Biometric Access Control System Installed at Chicago Office

Biometric Access Control System Installed at Chicago Office
Los Alamos Technical Associates (LATA) has installed access control system from FST21 in its downtown Chicago office. The LATA entrance allows access by recognizing employees by the way they look, talk and walk as well as being aware if they are in distress and can even carry a conversation with them and their visitors.

The system modernizes the way people enter buildings, offices and secure areas. No key, no card and no code are required because the face and voice of authorized personnel works as a key. Using biometrics with a combination of face, voice, license plate and pattern of behavior recognition, the access control system provides automated convenient identity management access while maintaining the high level of security.

LATA, a diversified engineering, environmental and technical services company serving worldwide clients, has repeatedly set standards for excellence and has demonstrated capabilities for solving the scientific and engineering problems. LATA's Chicago team focuses on information technology and systems integration with expertise in biometrics, security, GPS/GIS and applications to increase business efficiencies. The Chicago office works with local clients including the City of Chicago, O'Hare international airport, Cook County, Chicago Transit Authority, Metra heavy rail commuter system, the Chicago Housing Authority and others. The Chicago team also works with multiple public transportation and other agencies across the nation and is working on other security, access control and biometric time and attendance projects in the region.

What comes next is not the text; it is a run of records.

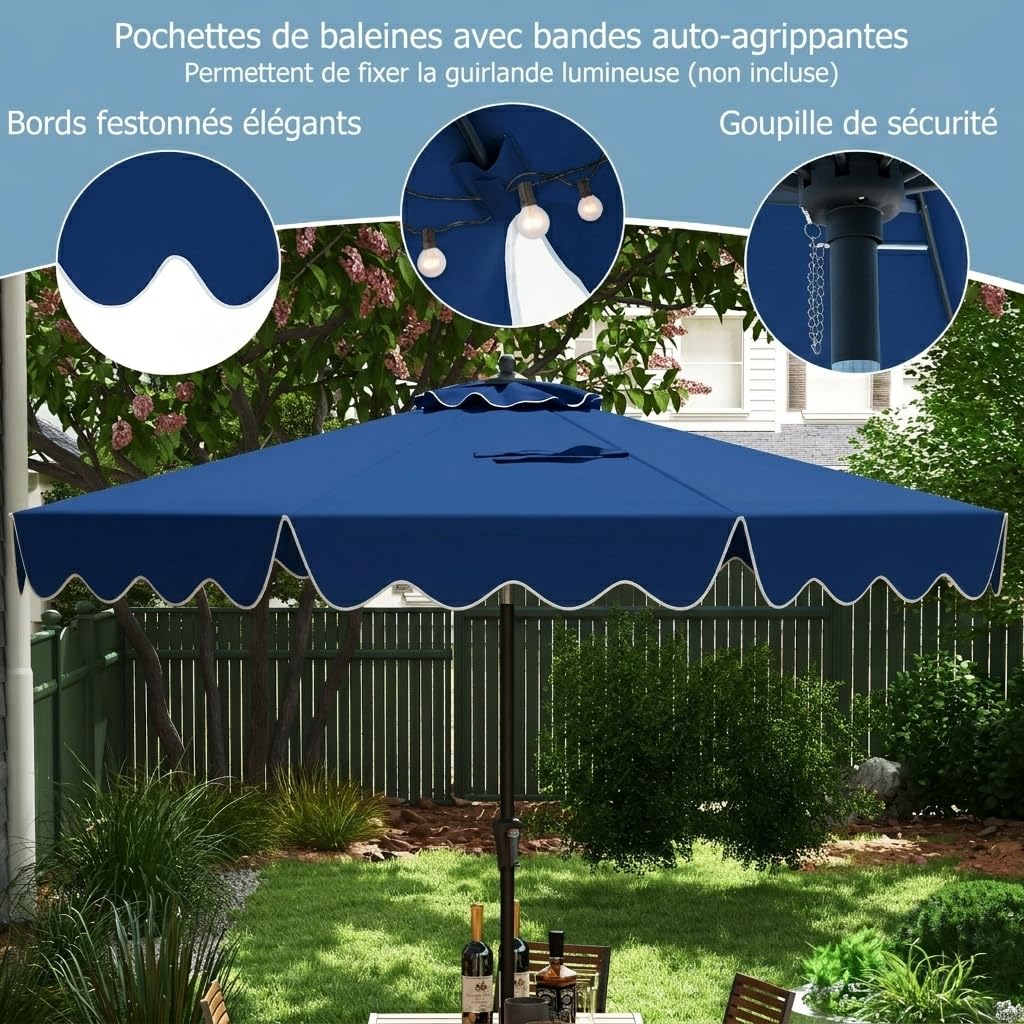 GOPLUS Parasol de Jardin Exterieur, 2,8M Parasol Inclinable 25° avec Manivelle, Toile Protection UV, 8 Baleines, Double Toit, pour Balcon Terrasse Patio, Base Non Incluse (Bleu)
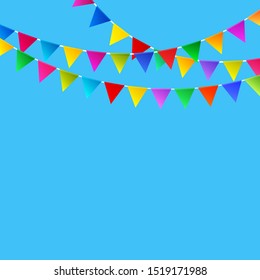 Festive Background, Holiday Colorful Colored Bunting Flags on Blue Background ,  Vector Illustration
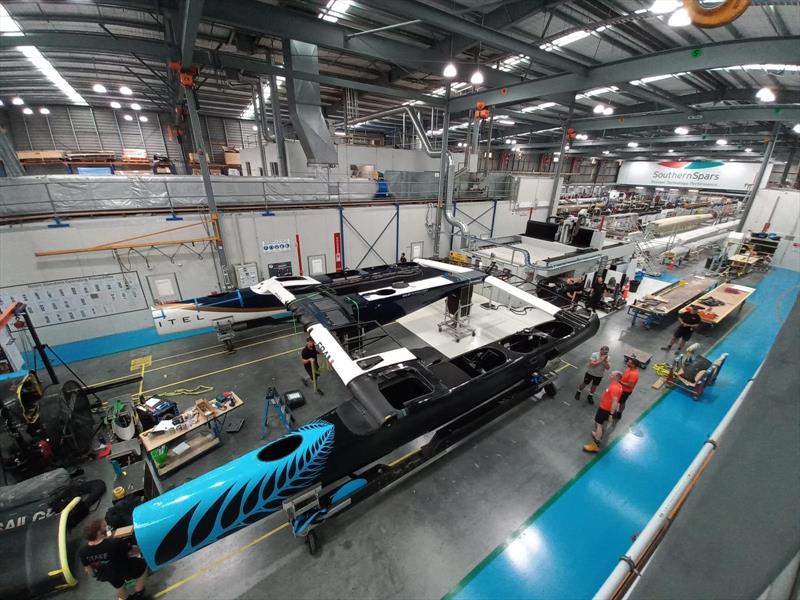 The French starboard hull is joined with the Black Foils' port hull - Southern Spars - February 18, 2026 - photo © Southern Spars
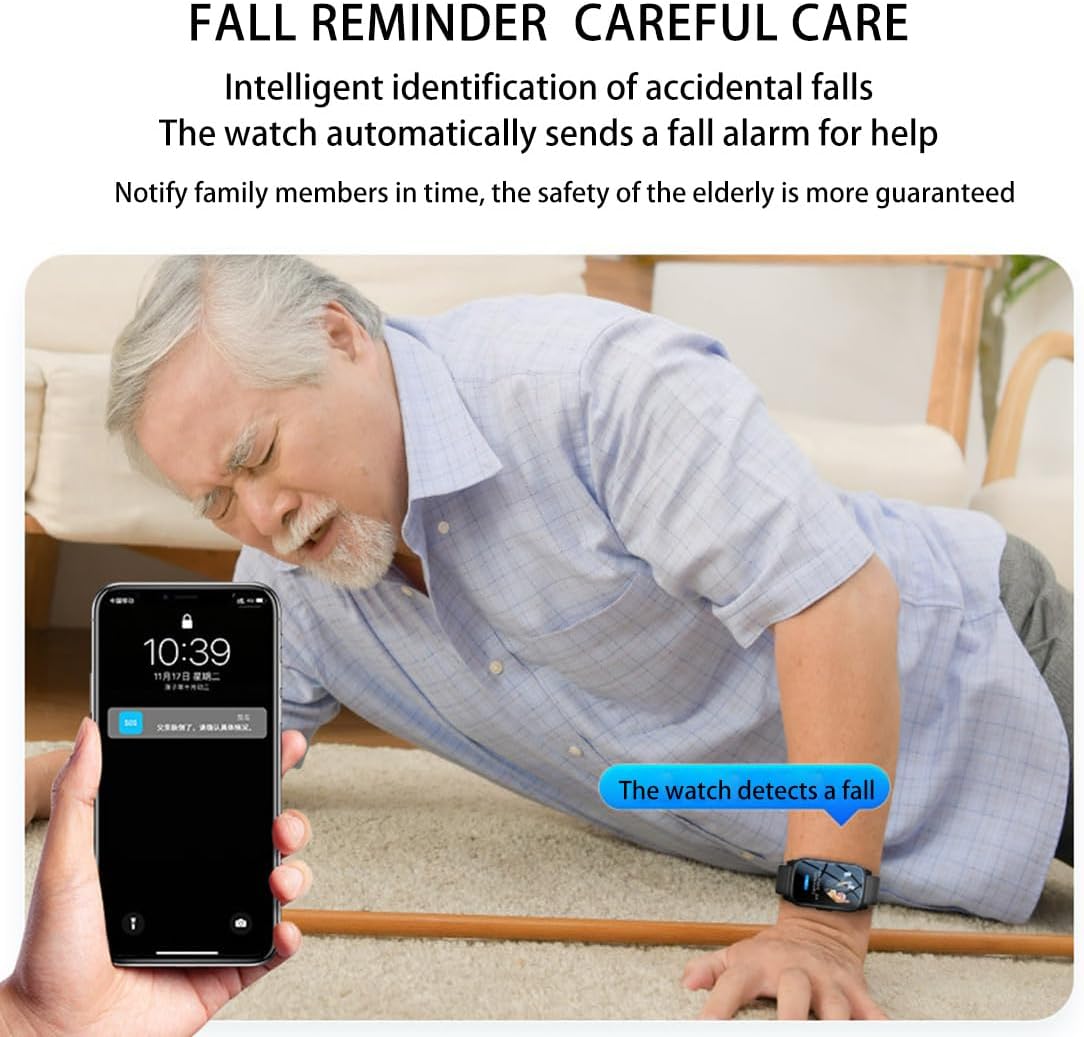 Emergency Watches for Seniors GPS Intelligent Bracelet Seniors SOS Emergency Call Bracelet, Emergency Button for Seniors, GPS Tracker Smartwatch with Fall Detection, Suitable for Elderly People – Bild 2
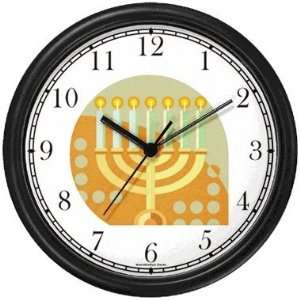 Menorah No.2 Judaica Jewish Theme Wall Clock by WatchBuddy Timepieces 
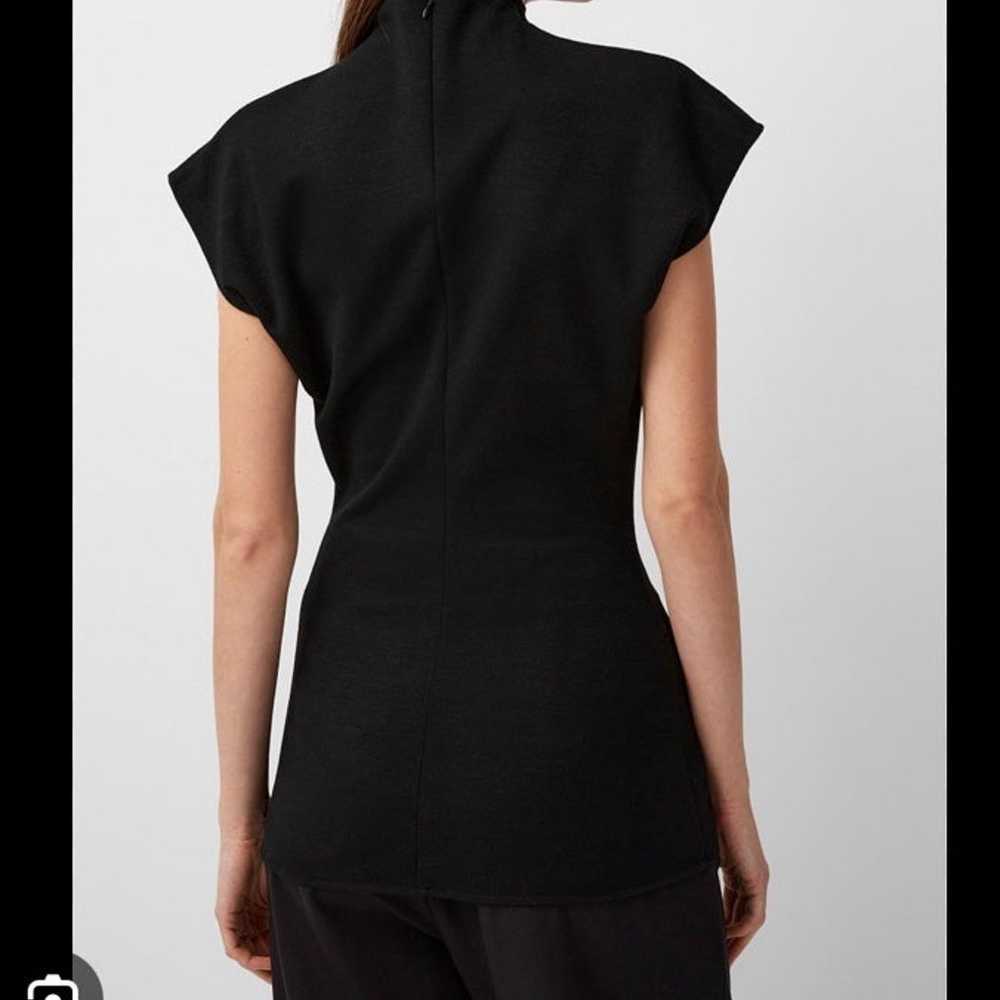 Women's Black Fitted Waist Stand Collar Top - image 2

“This is the system based on fusion technology that integrates facial recognition, voice recognition and behavioral recognition into a cohesive identification system.” said Pat Anderson, Department Manager and Manager of LATA's Chicago Office.

Before the access control system was installed, LATA was using a hand reader with a keypad, which Anderson admits was invasive and a little time consuming for employees. Employees don't even break a stride in walking toward the door and entering. The camera sees them, welcomes them and opens the door.